EXERCISE INPUT
○ ○ ○ ○ ○
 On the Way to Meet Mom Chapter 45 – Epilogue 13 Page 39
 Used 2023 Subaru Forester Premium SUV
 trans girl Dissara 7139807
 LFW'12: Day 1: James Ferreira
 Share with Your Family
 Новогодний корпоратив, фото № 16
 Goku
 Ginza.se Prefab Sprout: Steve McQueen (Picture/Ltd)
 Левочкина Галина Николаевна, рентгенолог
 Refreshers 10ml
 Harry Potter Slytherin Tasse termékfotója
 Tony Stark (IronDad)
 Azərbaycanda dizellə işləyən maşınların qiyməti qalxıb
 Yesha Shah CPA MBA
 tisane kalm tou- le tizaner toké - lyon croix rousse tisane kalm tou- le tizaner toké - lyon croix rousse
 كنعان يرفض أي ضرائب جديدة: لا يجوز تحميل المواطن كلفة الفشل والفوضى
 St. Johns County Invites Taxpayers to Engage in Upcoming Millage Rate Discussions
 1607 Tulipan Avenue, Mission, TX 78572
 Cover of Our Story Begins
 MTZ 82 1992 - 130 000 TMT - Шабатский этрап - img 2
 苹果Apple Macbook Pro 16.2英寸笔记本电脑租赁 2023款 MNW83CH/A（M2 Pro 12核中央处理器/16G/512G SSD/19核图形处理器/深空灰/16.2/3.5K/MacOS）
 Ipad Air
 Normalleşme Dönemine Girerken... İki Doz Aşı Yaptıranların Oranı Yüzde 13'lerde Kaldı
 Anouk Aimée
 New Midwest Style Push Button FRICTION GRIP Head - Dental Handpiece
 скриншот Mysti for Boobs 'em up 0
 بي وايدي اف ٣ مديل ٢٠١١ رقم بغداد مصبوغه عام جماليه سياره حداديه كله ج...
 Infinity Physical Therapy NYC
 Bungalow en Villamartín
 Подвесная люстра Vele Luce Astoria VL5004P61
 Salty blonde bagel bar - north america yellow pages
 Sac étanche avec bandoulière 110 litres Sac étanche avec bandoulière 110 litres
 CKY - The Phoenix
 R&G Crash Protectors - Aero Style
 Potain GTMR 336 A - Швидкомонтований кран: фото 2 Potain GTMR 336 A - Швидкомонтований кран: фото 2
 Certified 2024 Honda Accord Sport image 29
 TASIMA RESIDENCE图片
○ ○ ○ ○ ○
TASK STATEMENT
Whatever else the listing above holds, retype exactly only the lines from the one containing "Новогодний корпоратив, фото № 16" to the one containing "MTZ 82 1992", both ends kept.

SOLUTION TO THIS TASK
 Новогодний корпоратив, фото № 16
 Goku
 Ginza.se Prefab Sprout: Steve McQueen (Picture/Ltd)
 Левочкина Галина Николаевна, рентгенолог
 Refreshers 10ml
 Harry Potter Slytherin Tasse termékfotója
 Tony Stark (IronDad)
 Azərbaycanda dizellə işləyən maşınların qiyməti qalxıb
 Yesha Shah CPA MBA
 tisane kalm tou- le tizaner toké - lyon croix rousse tisane kalm tou- le tizaner toké - lyon croix rousse
 كنعان يرفض أي ضرائب جديدة: لا يجوز تحميل المواطن كلفة الفشل والفوضى
 St. Johns County Invites Taxpayers to Engage in Upcoming Millage Rate Discussions
 1607 Tulipan Avenue, Mission, TX 78572
 Cover of Our Story Begins
 MTZ 82 1992 - 130 000 TMT - Шабатский этрап - img 2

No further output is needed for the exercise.